A forma como a narrativa vai se desenvolvendo e com ela seus personagens, nos faz questionar quantos humanos havia na sala de roteiristas. Em diversos momentos, as consequências trabalhadas pareciam mais uma resposta de uma máquina ao que ela acreditava ser o plausível - após analisar um extenso banco de dados cinematográficos. Algo que um simples olhar humano descartaria com um “isso não faz sentido”.
Saindo um pouco das críticas para alguns elogios - protegendo este autor da perseguição de uma futura Skynet -, o filme “Tron: Ares” é visualmente deslumbrante e a integração dos “programas” e seus veículos no mundo real é totalmente crível e lindo. O rastro vermelho de neon das motos no trânsito noturno é um deleite visual.

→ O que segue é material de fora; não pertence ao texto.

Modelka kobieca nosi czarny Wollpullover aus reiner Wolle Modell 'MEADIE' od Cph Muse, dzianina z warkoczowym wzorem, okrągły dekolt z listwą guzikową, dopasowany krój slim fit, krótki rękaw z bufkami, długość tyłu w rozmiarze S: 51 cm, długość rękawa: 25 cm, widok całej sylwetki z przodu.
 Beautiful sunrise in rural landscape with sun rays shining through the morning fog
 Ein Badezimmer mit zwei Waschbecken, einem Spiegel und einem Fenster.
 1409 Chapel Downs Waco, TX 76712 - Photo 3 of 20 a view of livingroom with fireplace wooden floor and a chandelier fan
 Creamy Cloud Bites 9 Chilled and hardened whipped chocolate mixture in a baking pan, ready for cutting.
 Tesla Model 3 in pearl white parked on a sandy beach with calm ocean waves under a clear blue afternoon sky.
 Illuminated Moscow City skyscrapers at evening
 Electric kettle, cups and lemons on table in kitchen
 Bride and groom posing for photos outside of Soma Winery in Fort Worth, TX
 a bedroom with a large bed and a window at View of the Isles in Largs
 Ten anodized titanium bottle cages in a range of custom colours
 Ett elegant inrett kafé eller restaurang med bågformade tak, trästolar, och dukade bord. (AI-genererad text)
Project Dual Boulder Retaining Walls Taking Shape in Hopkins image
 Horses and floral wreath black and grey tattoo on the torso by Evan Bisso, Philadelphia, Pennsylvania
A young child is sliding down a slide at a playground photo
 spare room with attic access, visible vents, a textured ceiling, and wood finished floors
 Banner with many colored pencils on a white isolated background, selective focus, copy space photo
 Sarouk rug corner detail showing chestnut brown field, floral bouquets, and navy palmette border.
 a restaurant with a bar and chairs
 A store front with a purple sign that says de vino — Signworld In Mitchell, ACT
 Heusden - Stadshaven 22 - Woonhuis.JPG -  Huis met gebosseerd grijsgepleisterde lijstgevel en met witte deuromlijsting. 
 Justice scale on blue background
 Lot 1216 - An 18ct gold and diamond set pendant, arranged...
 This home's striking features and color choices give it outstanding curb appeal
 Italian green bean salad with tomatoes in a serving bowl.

Experiência sonora e rítmica
Outro fator marcante da franquia, principalmente após “Tron: O Legado” (2010), está em sua trilha sonora. O longa de 2010 foi produzido musicalmente pela dupla eletrônica francesa Daft Punk, uma colaboração que criou apenas uma das melhores soundtrack do cinema - para muitos o longa é mais um gigantesco clipe da dupla do que, necessariamente, um filme. Agora, após a aposentadoria da dupla em 2021, a Disney apostou suas fichas na banda de rock industrial NIN (Nine Inch Nails) para seguir com o legado deixado, oferecendo uma oportunidade de ouro ao grupo. A banda deu valor e soube aproveitar a oportunidade, entregando uma experiência sonora e rítmica muito envolvente, dando uma dose de energia extra e, em muitos momentos, parecendo ser um dos únicos pontos de vitalidade do filme.
O diagnóstico final de “Tron: Ares” é aberto à duas interpretações. Caso ele tenha sido pensado por humanos que, conscientemente, concluíram que as decisões e o desenvolvimento de seus personagens estavam satisfatórios, é triste. Mas, se ele foi pensado para ser uma narrativa metalinguística onde uma IA construiu uma história sobre outra IA ganhando consciência, entendendo o conceito de empatia e a mortalidade como algo especial, isso é algo mastreal e histórico. É uma pena que a resposta para essa pergunta todos sabemos qual é.
Onde assistir
O Portal Bonde assistiu ao filme em uma exibição de pré-estreia exclusiva a convite do Cine Araújo na última quarta-feira (8). O longa, lançado oficialmente na quinta-feira (9), já está em cartaz neste e em todos os principais cinemas de Londrina. Com diversas opções de aúdio - original com legendas e dublado -, horários ou formatos, não faltam formas de se conferir essa obra em uma tela grande.
Desconsiderando o dilema da IA e a fragilidade no roteiro, "Tron: Ares" vale a compra do ingresso para aqueles que desejam contemplar um espetáculo visual e sonoro, um ótimo clipe musical com cenas grandiosas.